Session 3 - Section Beta

In our third session, which immediately followed the second one, children sat with the same partners who they worked on the Slitherlinks with. Once again, I would recommend reading this post on a computer/laptop or tablet with a big screen to appreciate the student work.

Kakuro, in my opinion, was a more challenging puzzle than Slitherlink. It required fluency in mental addition and subtraction up to the number 45. Keeping this aspect in mind, I decided to explain the rules and model a puzzle for the kids. I gave each of them this sheet. Note the choice of puzzle - small numbers and sums that will not intimidate children and thus give them the mental space to familiarise themselves with the rules.

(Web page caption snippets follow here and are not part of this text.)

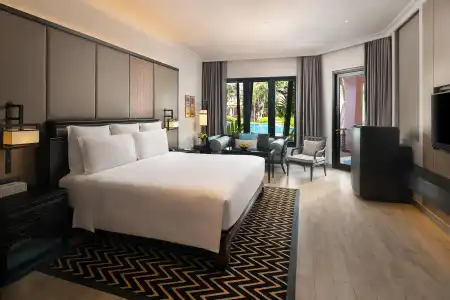 InterContinental Pattaya Resort by IHG - 57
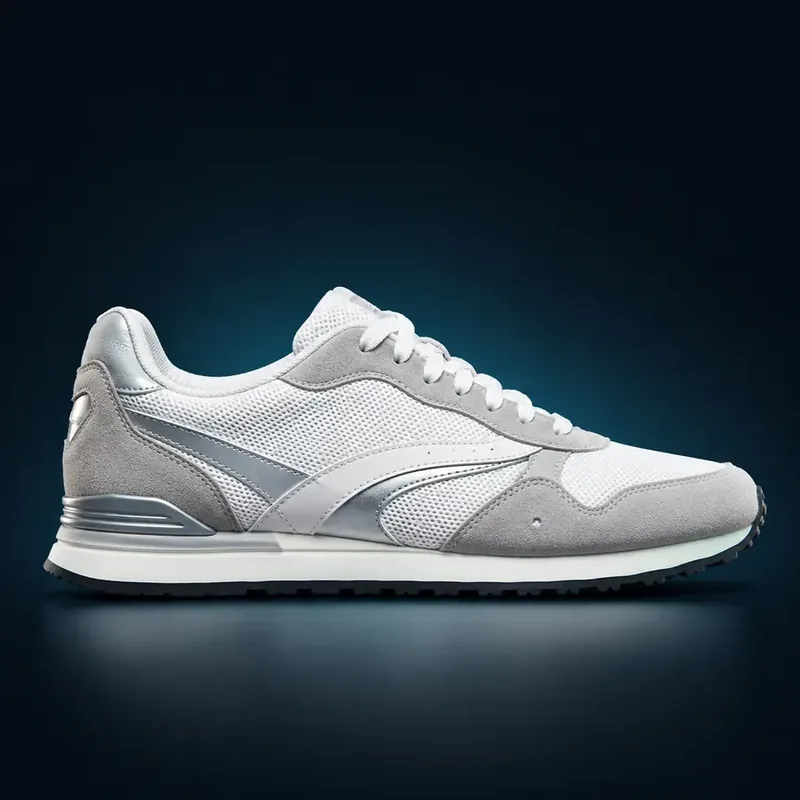 Retro Runner Sneaker product image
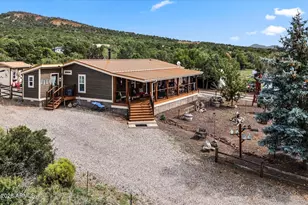 7237 N Apache Ave, Williams, AZ 86046 - Photo 1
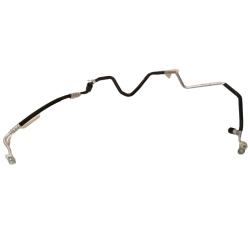 Conduite AC Audi A6 C7 FL 2015-2018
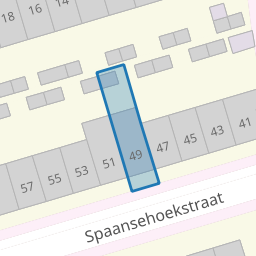 Perceel TBG01-AG-5742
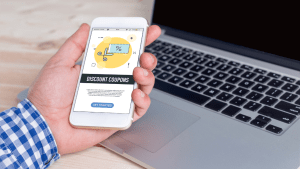 digital coupons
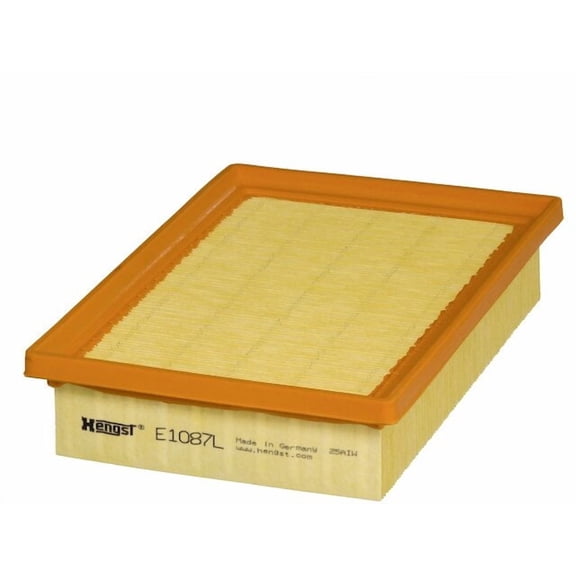 Air Filter - Compatible with 2012 - 2020 Chevy Sonic 2013 2014 2015 2016 2017 2018 2019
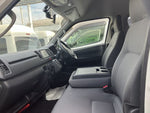 HIACE van 4WD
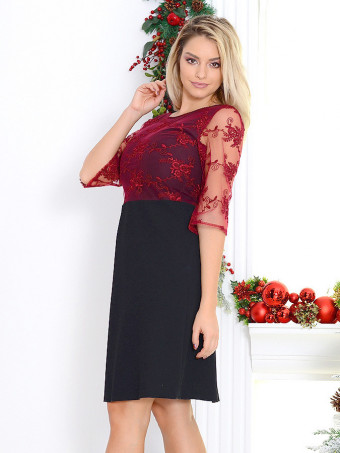 Rochie Davina 03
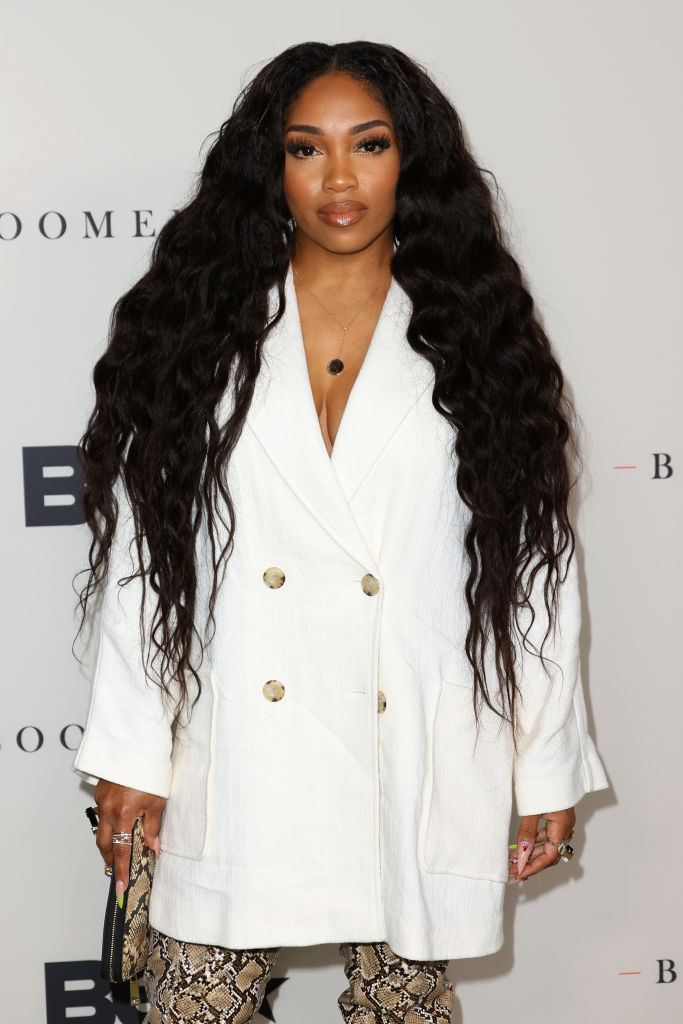 Brooke Valentine kids 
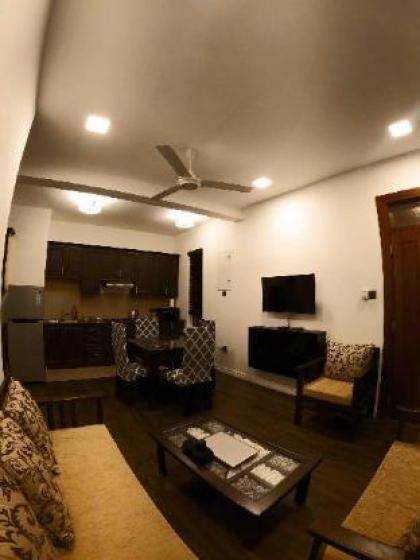 Apartment in Colombo 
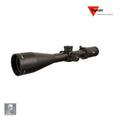 Trijicon Tenmile HX 6-24x50 Riflescope SFP Red MOA Ranging Reticle Rifle Scope Trijicon 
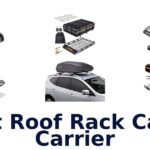 Best Roof Rack Cargo Carrier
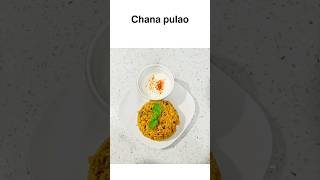 Chana pulao 60 #shorts #shortsfeed #tamil #food #canada Nov 22/24 #vlog #foodshorts #ytshort #yt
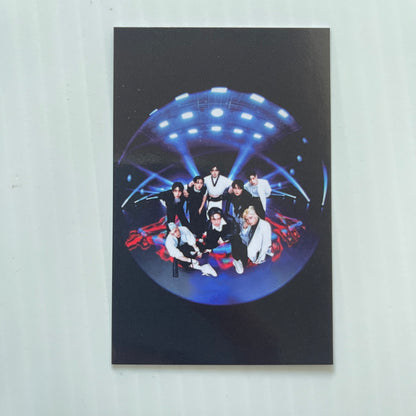 STRAY KIDS 4th Official Album KARMA Official Photo Cart Set
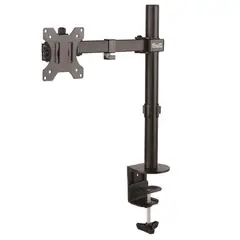 KLIP XTREME - Brazo Soporte para Monitor de 13 a 32 Pulgadas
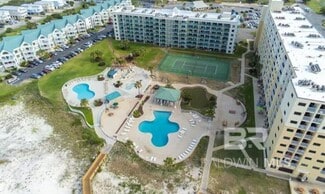 Gulf Shores, AL Apartments - 375 Plantation RD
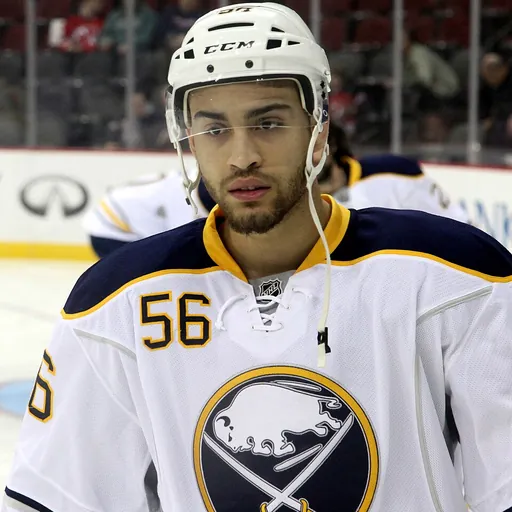Portrait of Justin Bailey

First, we carefully went through the rules together about 3 times to ensure that we were all on the same page. Then, I wrote out the Kakuro on the whiteboard and gave the children 3 minutes of silent time to individually jot down strategies and ideas on how they might approach the puzzle. I emphasised that they should not to try solving the puzzle at this point but instead think deeply about how they were approaching the problem. Here is where metacognition, one of the core course principles, was coming in.

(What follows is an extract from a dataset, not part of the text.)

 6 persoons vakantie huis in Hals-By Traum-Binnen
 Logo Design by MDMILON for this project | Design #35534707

We had a large class share out of strategies at this point. I encouraged them to share whatever strategies had come to their mind and to worry about testing whether the strategy worked or not later. Here are some of the strategies that they initially came up with...

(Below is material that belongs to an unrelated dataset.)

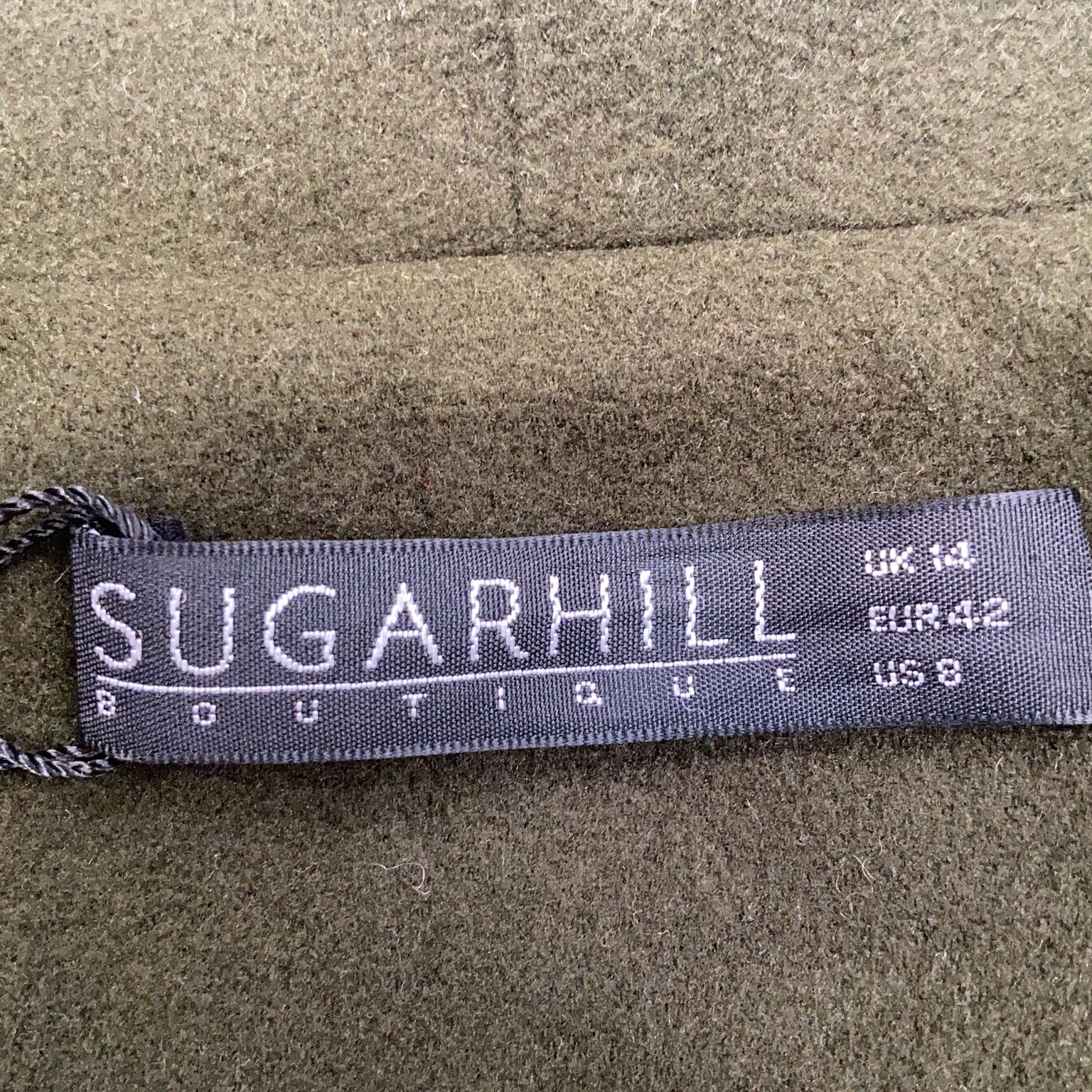 Sugarhill Boutique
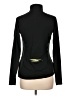 Under Armour Black Long Sleeve Turtleneck Size L - photo 2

We tried out the strategies on this puzzle and solved it, step by step, as a class together. Frequent references were made to the rules - especially rules 2 and 4.

On the other side of this sheet, were 3 more model puzzles chosen carefully to expose kids to higher sums while still being on the easier side.

By this point, about 45 minutes of class had passed and my students were getting a hang of the puzzle. We transitioned to partner work wherein I gave a set of 6 puzzles - 1 set for every 2 children. The reason behind printing 1 copy per pair was to build teamwork and discussion of strategies through them working simultaneously on the same puzzle. I moved around the class reminding kids to write out any new strategies that they discovered in their Thought Book and was delighted to see the collaboration between partners.

I knew that I was pushing my students' thinking through the Slitherlink, Dissection and Kakuro puzzles that we had been working on for over 3 hours. Thus, for the last half hour of class, I consciously decided to have a team-based logical reasoning quiz that required out of the box thinking. Kids got into 3 teams of 3 and 2 teams of 4 (remember that 17 is an exasperating prime number! 😄) of their choice and I asked them questions like the ones shown below in a quiz show format - direct question (5 points), passed question (3 points) and no negative points for wrong answers. All teams were shown the question at the same time and had 2 minutes to figure out the solution. This quiz served as a light yet energetic way to wind up the day!

As always, I ended my session with feedback. My students raised some pertinent points (see the samples below) that I implemented with the Alpha section in class today. I will share details of that in a later post.